With reruns and new episodes of at least five different cake shows — Ace of Cakes, Wedding Cake Wars, Cupcake Wars, Cake Boss, and Ultimate Cake Off — available for your everyday consumption, it feels like television has hit a new low.

More and more Netflix queues and DVRs are filling up with the likes of Mad Men, The Wire and Homeland while the Oscars are struggling to generate significant buzz.  In fact, many consider the present a golden age of television as a medium.

Not that the medium doesn’t have issues.

“I don’t need a show about cakes,” former television executive James Andrew Miller said last week at the Museum of Contemporary Art’s discussion, “Is This the Golden Age of Television?”

“It’s so derivative,” Boston Globe columnist Joanna Weiss said, seeming to agree with Miller’s most definitive statement of the night. “But 45 minutes later, I’m sitting there watching them spread frosting on the cupcakes.”

The back-and-forth was reflective of the four-person panel moderated by KCRW radio host and Daily Beast columnist Kim Masters, which struggled to assess a television landscape where cable television dramas can match the production value and acting of any Hollywood movie, but are often outdrawn on a weekly basis by shows such as the Jersey Shore and the Real Housewives of Orange County.

Occidental College professor and historian Thaddeus Russell and Homeland producer and writer Meredith Stiehm rounded out the panel at MOCA’s Ahmanson Theatre, but could no more come to a conclusion than Weiss and Miller could.

Russell stresses the changing landscape of both televisions demographics and distribution methods, saying that the present truly is a golden age for the medium if the viewer “valued diversity and choice.”

And Stiehm, who worked on shows such as Beverly Hills, 90210, NYPD Blue and Cold Case prior to producing and writing for the critically acclaimed Homeland, notes the increased choice today’s television programming offers to the viewer, especially on cable networks.

“It’s harder on the networks [today],” Stiehm said. “Networks have gotten more conservative. [Cable has] lots of new places to go.”

Weiss recognizes the opportunity that television — especially cable television — provides its producers, noting television’s ability to draw out characters in a “leisurely way” and not have to bring character development to a close in the constraints of a two-hour movie.

“Television is an opportunity as a writer to make something interesting,” Weiss said.

Miller, on the other hand, isn’t quite as convinced that today’s shows are reflective of a true paradigm shift toward television.
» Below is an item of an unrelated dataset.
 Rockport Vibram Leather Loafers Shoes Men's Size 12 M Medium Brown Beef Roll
He describes the period between 1971 and ’81 as a “quantum leap” that exceeded today’s product.

“Television is just not as compelling as it used to be,” Miller said. “Every single night was an event. I don’t see [the present] as a game changer.”

It certainly is difficult for every night to be an event in the current landscape, Russell later pointed out, as the average household now receives 118 channels as compared to the just seven it received in 1971, Miller’s perceived “quantum leap” start year.
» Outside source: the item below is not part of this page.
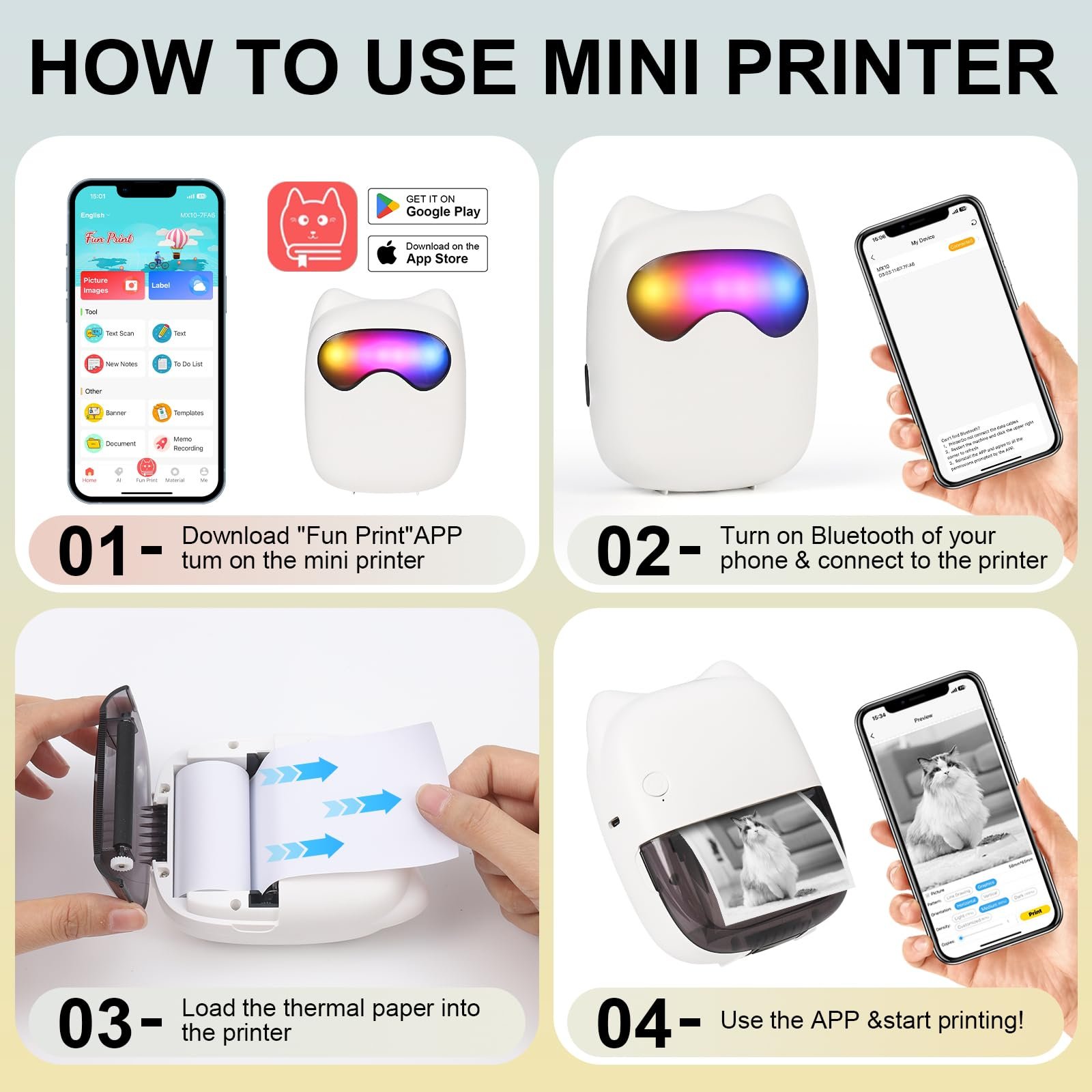 Portable HD Mini Printer | Mini Printer| Mobile photo printer | Wireless Photo printer - Image 2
The panelists ran into the question of whether the discussion they were having, or perhaps the exaltation of some of these highbrow shows, left out the average viewer and whether these viewers truly saw television as the gold standard of entertainment.
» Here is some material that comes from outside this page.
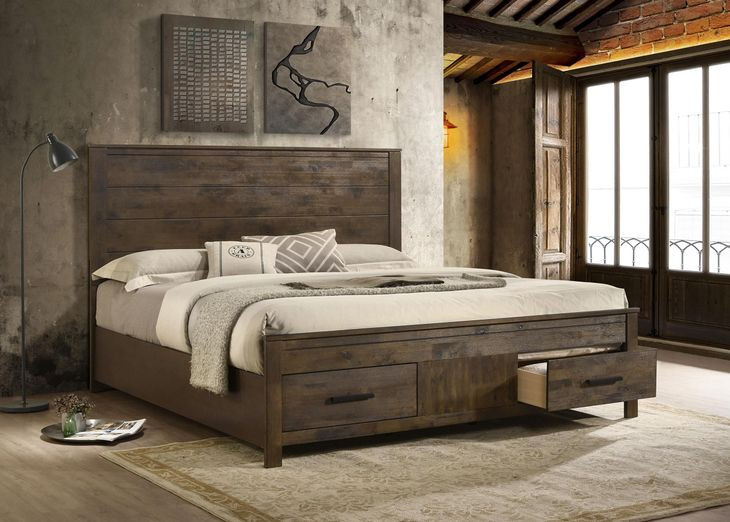 Woodmont Rustic Golden Brown King Panel Storage Bed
The recent explosion of attention paid to PBS’s Downton Abbey provided some easy fodder in the area.

“If you think all television should be PBS, you are in the .01 percent,” Russell said. “You are Mitt Romney.”

Stiehm recounted her time on the tail end of 90210 and during NYPD Blue’s heyday and stated that writing for the medium is difficult whether you’re writing “good” or “bad” television.

“Television does not demand quality,” Stiehm said, quoting NYPD Blue creator David Milch, “but it doesn’t preclude it, either.”